As of July 26, 2018, more than 100,000 people have obtained a Remote Pilot Certificate to fly a drone for commercial and recreational use since the Federal Aviation Administration’s (FAA) small drone rule went into effect on August 29, 2016.
A Milestone for the Drone Industry
We mark the certification of 100,000 remote pilots as a huge milestone for the drone industry. The speedy increase in the number of certified drone pilots over the past two years indicates a rapidly growing industry — much of which has been driven by increasing commercial drone applications in industries such as construction, engineering, government, agriculture, and transportation.

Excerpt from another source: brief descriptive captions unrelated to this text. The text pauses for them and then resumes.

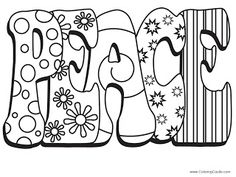 Free Printable Peace Adult Coloring Page. Download It In Pdf 236x177 Free Printable Peace Adult Coloring Page. Download It In Pdf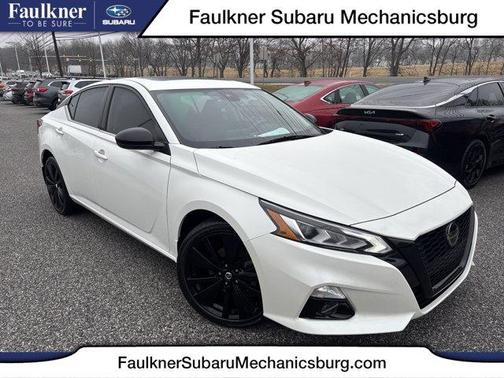 2022 Nissan Altima 2.5 SR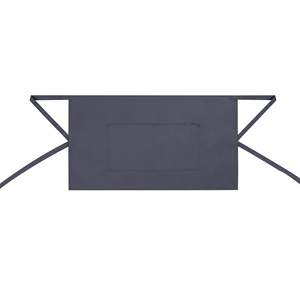 MISEMIYA SHORT <b>APRON</b> <b>with</b> <b>POCKET</b> 40mm X 70mm Model 860 Made in Sri Lanka - Product Image 3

According to an annual report by Skyward, commercial drone use will double in the near future, from 10% to almost 20%. Some describe this explosion of drone technology in the commercial sector as the third wave of the drone industry and as a mark of the Fourth Industrial Revolution. This is because drone technology has disrupted the usual standard operating procedures of many industries, in many cases creating safer and more efficient procedures and processes.
Pilot Certification by the Numbers (U.S.)
Based on figures last reported in 2017, the number of certified drone pilots in the U.S. was 69,166. Drone pilot certificates accounted for approximately 10% of all pilot certificates held in 2017. Here is a look at the totals, calculated based on the FAA’s 2017 Active Civil Airmen Statistics.
|Category||Estimated Active Airmen Certificates Held|
|Airplane, Airline Transport||159,825|
|Remote (Drone) Pilots||69,166|
Part 107 Remote Pilot Certification
Commercial drone pilots operating an unmanned aircraft system (UAS) weighing under 55 pounds operate under the Part 107 Small UAS Rule. Under Part 107, the person actually flying a drone must have a Remote Pilot Certificate, or be directly supervised by someone with such a certificate. The majority of drone pilots get certified by studying online materials and then passing an initial aeronautical knowledge test at an FAA approved knowledge testing center.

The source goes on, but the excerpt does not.